Apparentemente non ha né il carisma né il fisique du role, non è alta e nongiovanissima, non spicca per potenza e per tocco, non è perentoria nei colpi e non ha una personalità eclatante, non è un idolo dei fotografi e non ha fidanzati celebri. Ma Ash Barty è la migliore numero 1 del mondo possibile, in questo pazzo pazzo tennis donne 2019, ancor più pazzo da quando Serena Williams si è allineata all’imprevedibilità generale, perdendo sei delle ultime sette finali Slam.
Col suo gioco completo, solido da fondo, potente e insieme vario, col servizio mille-usi, con la risposta e la duttilità a rete da ottima doppista, con le motivazioni di chi è chiamato a riscrivere la storia del tennis australiano dopo le immortali Margaret Smith Court ed Yvonne Goolagong, la piccola 23enne, di appena 166 centimetri, con un po’ di sangue aborigeno nelle vene (da parte di papà), ha legittimato il primato in classifica a fine anno bissando il primo titolo sulla terra rossa del Roland Garros – che è anche il primo Slam – con quello al Masters (le Wta Finals). Interrompendo peraltro dopo cinque sconfitte su cinque confronti il tabù contro l’ucraina Elina Svitolina, campionessa uscente e implacabile nei recuperi.

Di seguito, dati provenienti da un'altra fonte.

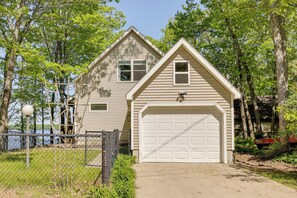 Exterior - Private Duck Lake Access: Up North Getaway (Interlochen)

Tutti la chiamano Ash perché Ashleigh è troppo lungo, tutti pensano di poterla battere e la battono pure, perché la ragazza di Ipswich, che è salita al numero 1 della classifica il 24 giugno, non dà mai l’idea dell’imbattibilità, si concede delle pause, ha bisogno di tessere le sue tele da fondo per ubriacare l’avversaria e trovare le sue soluzioni.

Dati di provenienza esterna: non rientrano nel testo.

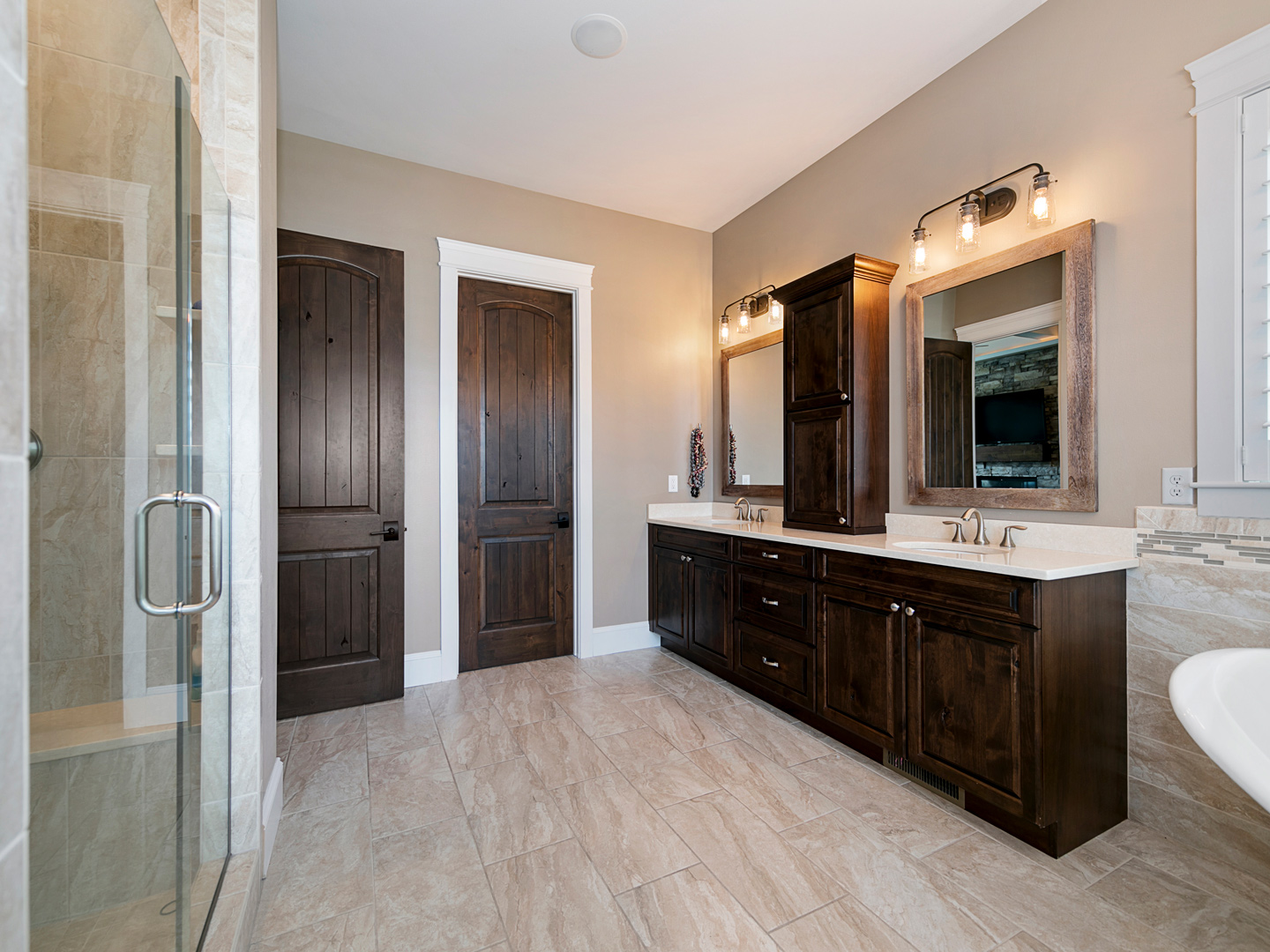 6281 CANYONWOODS DRIVE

Tutti, anche in Australia, sarebbero pronti a innamorarsi di una star del tennis hollywoodiana, o quantomeno da Baywatch, simbolo della prorompente vitalità nazionale di quelle che fanno bella mostra in spiaggia, ma la Barty, alle prime Finali Wta di Shenzhen si mette in tasca il montepremi più alto di sempre (4.42 milioni di dollari), con cui chiude la stagione toccando i 10 milioni, riporta un’australiana nell’albo d’oro della prova fra le migliori della classifica, dopo il secondo urrà della Goolagong nel ’76, diventando la prima del suo paese di sportivi a sigillare l’anno da regina Wta.
Ashleigh Barty si scatta un selfie con sullo sfondo i tifosi
La vera forza di Ash Barty sta nella testa, nella serenità, nella volontà di esserci, dopo la volontaria fuga di 19 mesi dall’agosto 2014 quando volle sciogliere la pressione delle troppe aspettative dopo le promesse da junior che da professionista riusciva a rispettare soltanto in doppio. Ash è la campionessa della normalità, con un coach-papà come Craig Tyzzer e quella facciata da ragazza della porta accanto che fa anche tenerezza. Finché non la ritrovi di fronte, di là del net.